## EXTRACTED RECORDS:
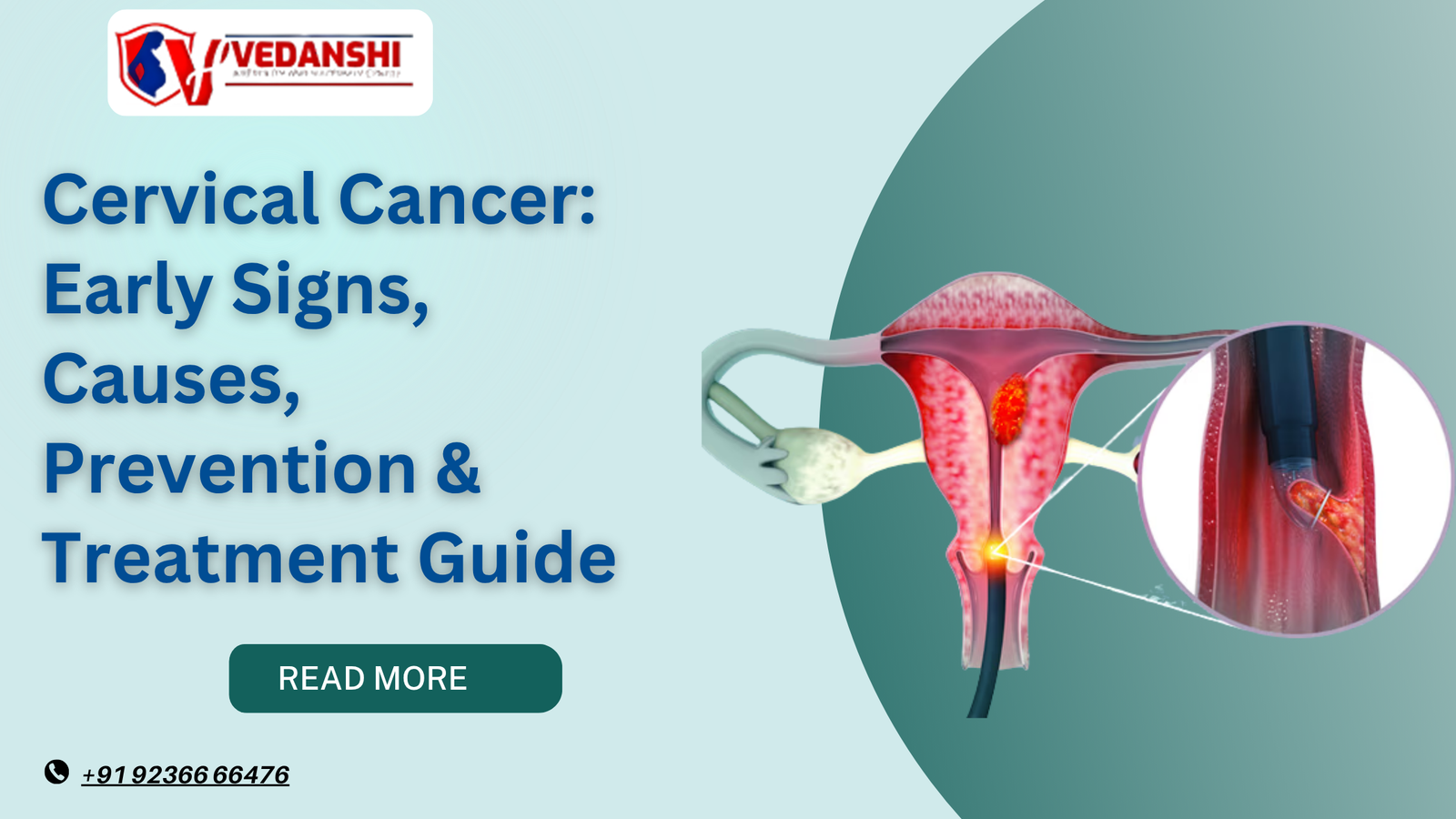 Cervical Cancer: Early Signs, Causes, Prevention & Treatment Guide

--

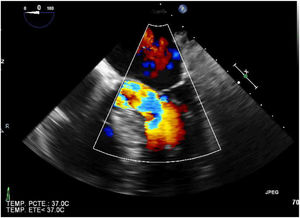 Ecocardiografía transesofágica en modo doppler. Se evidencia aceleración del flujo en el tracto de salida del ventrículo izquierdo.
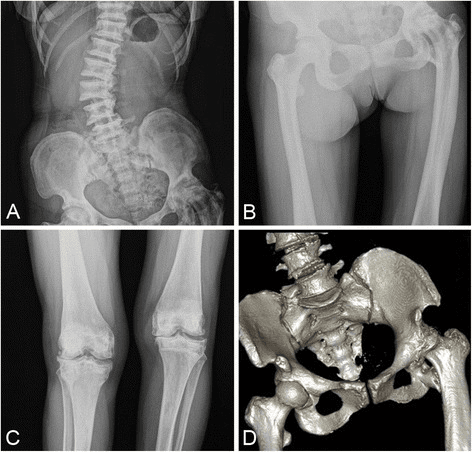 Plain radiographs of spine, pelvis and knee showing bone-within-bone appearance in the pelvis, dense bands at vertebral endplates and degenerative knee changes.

## WHAT YOU SHOULD DO:
Print from the line containing "Ecocardiografía transesofágica en" through the line containing "Plain radiographs of" in the data above, exactly as the lines stand, and omit every picture.

## ANSWER TO THIS TASK:
 Ecocardiografía transesofágica en modo doppler. Se evidencia aceleración del flujo en el tracto de salida del ventrículo izquierdo.
 Plain radiographs of spine, pelvis and knee showing bone-within-bone appearance in the pelvis, dense bands at vertebral endplates and degenerative knee changes.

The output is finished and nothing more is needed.